On 2/25/22 11:38 AM, Nathan Bossart wrote:

> CAUTION: This email originated from outside of the organization. Do not click links or open attachments unless you can confirm the sender and know the content is safe.
>
>
>
> On Fri, Feb 25, 2022 at 08:31:37PM +0530, Bharath Rupireddy wrote:
>> Thanks Satya and others for the inputs. Here's the v1 patch that
>> basically allows async wal senders to wait until the sync standbys
>> report their flush lsn back to the primary. Please let me know your
>> thoughts.
> I haven't had a chance to look too closely yet, but IIUC this adds a new
> function that waits for synchronous replication. This new function
> essentially spins until the synchronous LSN has advanced.
>
> I don't think it's a good idea to block sending any WAL like this. AFAICT
> it is possible that there will be a lot of synchronously replicated WAL
> that we can send, and it might just be the last several bytes that cannot
> yet be replicated to the asynchronous standbys. І believe this patch will
> cause the server to avoid sending _any_ WAL until the synchronous LSN
> advances.
>
> Perhaps we should instead just choose the SendRqstPtr based on the current
> synchronous LSN. Presumably there are other things we'd need to consider,
> but in general, I think we ought to send as much WAL as possible for a
> given call to XLogSendPhysical().

I think you're right that we'll avoid sending any WAL until sync_lsn
advances. We could setup a contrived situation where the async-walsender
never advances because it terminates before the flush_lsn of the
synchronous_node catches up. And when the async-walsender restarts,
it'll start with the latest flushed on the primary and we could go into
a perpetual loop.

I took a look at the patch and tested basic streaming with async
replicas ahead of the synchronous standby and with logical clients as
well and it works as expected.

>
> ereport(LOG,
>            (errmsg("async standby WAL sender with request LSN %X/%X
is waiting as sync standbys are ahead with flush LSN %X/%X",
>                    LSN_FORMAT_ARGS(flushLSN),
LSN_FORMAT_ARGS(sendRqstPtr)),
>             errhidestmt(true)));

I think this log formatting is incorrect.
s/sync standbys are ahead/sync standbys are behind/ and I think you need
to swap flushLsn and sendRqstPtr

When a walsender is waiting for the lsn on the synchronous replica to
advance and a database stop is issued to the writer, the pg_ctl stop
isn't able to proceed and the database seems to never shutdown.

> Assert(priority >= 0);

What's the point of the assert here?

Also the comments/code refer to AsyncStandbys, however it's also used
for logical clients, which may or may not be standbys. Don't feel too
strongly about the naming here but something to note.

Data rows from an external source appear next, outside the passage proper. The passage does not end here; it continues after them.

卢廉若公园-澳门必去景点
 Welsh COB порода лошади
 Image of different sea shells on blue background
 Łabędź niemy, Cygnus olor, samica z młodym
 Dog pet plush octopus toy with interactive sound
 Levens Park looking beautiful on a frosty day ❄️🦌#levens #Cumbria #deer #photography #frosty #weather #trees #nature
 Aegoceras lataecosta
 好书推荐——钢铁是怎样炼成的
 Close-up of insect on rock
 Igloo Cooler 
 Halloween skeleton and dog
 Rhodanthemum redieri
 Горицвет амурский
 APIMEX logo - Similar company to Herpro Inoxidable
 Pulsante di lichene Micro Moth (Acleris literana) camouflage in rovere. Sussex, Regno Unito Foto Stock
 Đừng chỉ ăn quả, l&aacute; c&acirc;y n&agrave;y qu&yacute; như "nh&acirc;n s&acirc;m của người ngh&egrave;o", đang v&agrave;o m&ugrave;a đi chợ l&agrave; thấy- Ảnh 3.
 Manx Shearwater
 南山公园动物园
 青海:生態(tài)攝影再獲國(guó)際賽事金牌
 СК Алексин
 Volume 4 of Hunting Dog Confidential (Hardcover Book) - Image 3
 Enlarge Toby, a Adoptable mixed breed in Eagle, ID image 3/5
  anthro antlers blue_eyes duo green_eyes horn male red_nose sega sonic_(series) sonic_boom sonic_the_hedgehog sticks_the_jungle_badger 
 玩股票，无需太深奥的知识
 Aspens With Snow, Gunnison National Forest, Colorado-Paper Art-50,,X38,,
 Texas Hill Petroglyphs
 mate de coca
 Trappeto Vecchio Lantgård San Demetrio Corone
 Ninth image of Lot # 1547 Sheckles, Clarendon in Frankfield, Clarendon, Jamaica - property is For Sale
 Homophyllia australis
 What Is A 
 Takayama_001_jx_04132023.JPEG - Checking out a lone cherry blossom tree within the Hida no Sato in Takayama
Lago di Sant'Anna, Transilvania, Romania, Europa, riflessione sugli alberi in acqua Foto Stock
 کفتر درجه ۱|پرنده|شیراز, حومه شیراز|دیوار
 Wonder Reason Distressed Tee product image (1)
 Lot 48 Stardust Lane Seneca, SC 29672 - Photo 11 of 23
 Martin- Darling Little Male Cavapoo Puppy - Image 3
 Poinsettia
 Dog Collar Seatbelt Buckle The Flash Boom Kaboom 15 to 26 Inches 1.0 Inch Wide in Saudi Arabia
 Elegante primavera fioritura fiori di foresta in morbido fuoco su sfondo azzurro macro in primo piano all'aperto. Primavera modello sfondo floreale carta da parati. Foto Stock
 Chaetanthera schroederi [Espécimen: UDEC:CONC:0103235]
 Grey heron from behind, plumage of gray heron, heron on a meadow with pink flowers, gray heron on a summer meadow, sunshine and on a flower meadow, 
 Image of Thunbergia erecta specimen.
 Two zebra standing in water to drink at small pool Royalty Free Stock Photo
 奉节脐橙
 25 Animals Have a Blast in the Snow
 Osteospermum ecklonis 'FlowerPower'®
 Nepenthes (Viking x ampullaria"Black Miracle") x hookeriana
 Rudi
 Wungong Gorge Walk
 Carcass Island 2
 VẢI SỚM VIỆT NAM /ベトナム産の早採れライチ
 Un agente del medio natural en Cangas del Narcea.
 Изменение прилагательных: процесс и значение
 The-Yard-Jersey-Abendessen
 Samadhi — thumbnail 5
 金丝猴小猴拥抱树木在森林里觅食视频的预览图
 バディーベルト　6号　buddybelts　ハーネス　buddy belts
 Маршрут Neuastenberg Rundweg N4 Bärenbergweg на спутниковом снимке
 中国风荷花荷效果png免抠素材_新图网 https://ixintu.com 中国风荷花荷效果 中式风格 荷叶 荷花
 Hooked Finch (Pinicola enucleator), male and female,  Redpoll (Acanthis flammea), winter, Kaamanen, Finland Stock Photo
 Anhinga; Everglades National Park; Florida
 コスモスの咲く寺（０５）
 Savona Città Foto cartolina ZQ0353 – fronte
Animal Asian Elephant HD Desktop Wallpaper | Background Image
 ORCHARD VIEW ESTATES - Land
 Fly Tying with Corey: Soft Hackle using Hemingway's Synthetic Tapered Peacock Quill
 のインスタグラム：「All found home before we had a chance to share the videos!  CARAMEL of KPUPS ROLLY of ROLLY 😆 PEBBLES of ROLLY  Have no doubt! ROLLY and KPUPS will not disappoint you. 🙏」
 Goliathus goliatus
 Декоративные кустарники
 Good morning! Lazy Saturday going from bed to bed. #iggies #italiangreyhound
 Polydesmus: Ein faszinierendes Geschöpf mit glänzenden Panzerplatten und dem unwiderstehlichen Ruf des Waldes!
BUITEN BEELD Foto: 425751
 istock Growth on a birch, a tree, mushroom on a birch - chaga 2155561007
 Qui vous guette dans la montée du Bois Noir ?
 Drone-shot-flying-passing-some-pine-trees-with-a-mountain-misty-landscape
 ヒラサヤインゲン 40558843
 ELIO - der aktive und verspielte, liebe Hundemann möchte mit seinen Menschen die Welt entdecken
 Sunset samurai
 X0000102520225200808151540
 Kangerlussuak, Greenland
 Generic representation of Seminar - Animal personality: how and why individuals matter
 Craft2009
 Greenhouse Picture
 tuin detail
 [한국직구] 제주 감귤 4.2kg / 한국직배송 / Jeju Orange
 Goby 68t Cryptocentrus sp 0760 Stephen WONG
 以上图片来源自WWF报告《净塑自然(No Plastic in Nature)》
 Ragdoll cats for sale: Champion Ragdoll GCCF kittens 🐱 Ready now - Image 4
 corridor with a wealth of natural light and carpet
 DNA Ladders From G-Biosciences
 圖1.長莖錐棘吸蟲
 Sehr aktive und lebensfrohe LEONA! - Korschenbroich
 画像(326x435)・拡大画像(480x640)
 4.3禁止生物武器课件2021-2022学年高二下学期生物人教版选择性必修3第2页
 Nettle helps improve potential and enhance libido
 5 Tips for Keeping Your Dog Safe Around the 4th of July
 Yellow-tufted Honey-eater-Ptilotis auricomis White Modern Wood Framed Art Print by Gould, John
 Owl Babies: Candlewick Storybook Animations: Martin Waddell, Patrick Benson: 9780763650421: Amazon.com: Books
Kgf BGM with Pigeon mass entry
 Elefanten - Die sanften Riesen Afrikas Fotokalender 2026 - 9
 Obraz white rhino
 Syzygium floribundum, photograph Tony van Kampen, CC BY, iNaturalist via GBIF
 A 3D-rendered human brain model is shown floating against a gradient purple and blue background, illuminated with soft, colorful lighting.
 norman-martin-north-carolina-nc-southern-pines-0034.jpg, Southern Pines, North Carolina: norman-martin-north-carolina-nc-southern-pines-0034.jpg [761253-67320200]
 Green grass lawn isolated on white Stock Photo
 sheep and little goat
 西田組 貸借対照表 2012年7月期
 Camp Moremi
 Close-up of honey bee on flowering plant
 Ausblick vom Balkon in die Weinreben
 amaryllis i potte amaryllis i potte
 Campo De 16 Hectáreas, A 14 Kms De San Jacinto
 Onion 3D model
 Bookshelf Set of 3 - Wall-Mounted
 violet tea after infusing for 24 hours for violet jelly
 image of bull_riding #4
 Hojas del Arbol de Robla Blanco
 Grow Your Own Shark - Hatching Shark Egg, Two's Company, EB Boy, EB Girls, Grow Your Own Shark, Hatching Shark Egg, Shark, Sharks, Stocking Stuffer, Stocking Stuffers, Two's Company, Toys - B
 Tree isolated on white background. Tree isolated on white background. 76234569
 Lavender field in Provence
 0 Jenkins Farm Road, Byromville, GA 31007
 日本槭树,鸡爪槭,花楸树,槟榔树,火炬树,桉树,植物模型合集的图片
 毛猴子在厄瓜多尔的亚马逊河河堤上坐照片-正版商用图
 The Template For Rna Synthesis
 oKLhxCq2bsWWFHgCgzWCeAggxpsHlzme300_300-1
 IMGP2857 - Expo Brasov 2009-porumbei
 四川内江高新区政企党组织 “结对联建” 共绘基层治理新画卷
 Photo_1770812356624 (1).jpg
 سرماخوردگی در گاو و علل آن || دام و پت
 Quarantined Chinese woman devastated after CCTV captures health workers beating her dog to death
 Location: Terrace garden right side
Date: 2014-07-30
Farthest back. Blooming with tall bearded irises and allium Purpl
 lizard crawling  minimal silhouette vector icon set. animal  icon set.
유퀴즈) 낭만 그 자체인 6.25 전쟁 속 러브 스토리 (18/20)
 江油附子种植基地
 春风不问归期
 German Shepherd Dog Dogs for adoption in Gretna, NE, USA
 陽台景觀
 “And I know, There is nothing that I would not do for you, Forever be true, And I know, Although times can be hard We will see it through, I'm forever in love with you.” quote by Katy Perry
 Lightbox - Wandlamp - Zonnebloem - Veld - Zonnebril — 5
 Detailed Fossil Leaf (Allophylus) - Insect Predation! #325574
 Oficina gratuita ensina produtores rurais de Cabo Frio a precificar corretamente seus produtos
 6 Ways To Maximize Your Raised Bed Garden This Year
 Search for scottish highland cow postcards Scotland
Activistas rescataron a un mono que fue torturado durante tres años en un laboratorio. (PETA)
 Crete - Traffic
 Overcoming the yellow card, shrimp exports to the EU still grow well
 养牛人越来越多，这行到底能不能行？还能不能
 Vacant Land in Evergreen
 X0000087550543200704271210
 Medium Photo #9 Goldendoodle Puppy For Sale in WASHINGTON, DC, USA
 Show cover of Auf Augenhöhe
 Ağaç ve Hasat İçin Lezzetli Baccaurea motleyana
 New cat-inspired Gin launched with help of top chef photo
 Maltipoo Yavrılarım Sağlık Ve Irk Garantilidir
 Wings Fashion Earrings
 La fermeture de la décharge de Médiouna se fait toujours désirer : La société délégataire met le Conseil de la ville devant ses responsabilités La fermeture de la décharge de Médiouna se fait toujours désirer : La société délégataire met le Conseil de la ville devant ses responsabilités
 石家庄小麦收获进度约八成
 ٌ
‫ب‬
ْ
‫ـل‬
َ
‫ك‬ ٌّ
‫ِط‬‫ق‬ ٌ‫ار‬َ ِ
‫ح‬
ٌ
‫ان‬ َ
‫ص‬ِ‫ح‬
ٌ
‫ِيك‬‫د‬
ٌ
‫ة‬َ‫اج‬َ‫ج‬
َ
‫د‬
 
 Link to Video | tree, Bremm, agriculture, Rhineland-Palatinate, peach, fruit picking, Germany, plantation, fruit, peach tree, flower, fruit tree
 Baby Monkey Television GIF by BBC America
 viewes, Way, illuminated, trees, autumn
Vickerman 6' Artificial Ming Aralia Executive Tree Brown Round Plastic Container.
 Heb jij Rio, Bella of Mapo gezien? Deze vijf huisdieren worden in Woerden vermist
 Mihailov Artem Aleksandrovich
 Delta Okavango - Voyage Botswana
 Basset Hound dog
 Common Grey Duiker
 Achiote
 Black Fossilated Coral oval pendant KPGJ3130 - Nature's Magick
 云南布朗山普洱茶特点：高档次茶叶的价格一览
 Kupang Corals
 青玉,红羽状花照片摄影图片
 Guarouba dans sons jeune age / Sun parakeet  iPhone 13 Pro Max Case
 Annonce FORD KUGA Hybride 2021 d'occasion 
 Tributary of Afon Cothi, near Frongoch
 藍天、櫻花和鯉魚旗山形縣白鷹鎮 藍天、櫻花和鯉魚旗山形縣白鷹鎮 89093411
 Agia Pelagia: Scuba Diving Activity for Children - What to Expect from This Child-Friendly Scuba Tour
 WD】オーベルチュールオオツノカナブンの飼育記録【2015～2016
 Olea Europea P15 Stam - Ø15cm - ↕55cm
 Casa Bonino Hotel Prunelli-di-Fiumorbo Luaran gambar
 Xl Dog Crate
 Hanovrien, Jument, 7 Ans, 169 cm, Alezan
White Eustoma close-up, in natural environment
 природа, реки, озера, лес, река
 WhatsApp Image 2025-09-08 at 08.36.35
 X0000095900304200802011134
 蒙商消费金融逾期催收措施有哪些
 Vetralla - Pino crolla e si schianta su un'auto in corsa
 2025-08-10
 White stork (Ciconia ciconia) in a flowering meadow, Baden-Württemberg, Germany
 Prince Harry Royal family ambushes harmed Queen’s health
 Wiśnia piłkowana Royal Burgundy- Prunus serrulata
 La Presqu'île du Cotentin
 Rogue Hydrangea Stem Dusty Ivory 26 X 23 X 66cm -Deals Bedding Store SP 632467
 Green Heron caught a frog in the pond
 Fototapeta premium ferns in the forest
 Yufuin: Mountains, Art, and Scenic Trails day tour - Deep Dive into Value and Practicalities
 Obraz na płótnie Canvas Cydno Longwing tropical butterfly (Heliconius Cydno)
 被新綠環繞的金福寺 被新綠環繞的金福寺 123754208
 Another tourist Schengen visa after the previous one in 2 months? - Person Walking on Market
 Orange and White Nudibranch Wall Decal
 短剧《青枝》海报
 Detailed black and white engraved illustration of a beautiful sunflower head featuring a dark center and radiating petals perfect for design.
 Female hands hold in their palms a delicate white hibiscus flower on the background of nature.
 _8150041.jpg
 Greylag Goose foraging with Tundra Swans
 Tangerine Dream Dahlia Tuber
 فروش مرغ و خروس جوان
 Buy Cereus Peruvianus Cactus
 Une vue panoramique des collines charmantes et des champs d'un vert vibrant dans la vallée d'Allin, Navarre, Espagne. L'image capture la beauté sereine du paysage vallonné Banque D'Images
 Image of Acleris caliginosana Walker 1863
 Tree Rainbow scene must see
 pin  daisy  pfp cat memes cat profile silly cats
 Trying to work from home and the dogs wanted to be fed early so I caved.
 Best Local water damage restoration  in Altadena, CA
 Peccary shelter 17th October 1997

> if (!ShouldWaitForSyncRepl())
>        return;
> ...
> for (;;)
> {
>    // rest of work
> }

If we had a walsender already waiting for an ack, and the conditions of
ShouldWaitForSyncRepl() change, such as disabling
async_standbys_wait_for_sync_replication or synchronous replication
it'll still wait since we never re-check the condition.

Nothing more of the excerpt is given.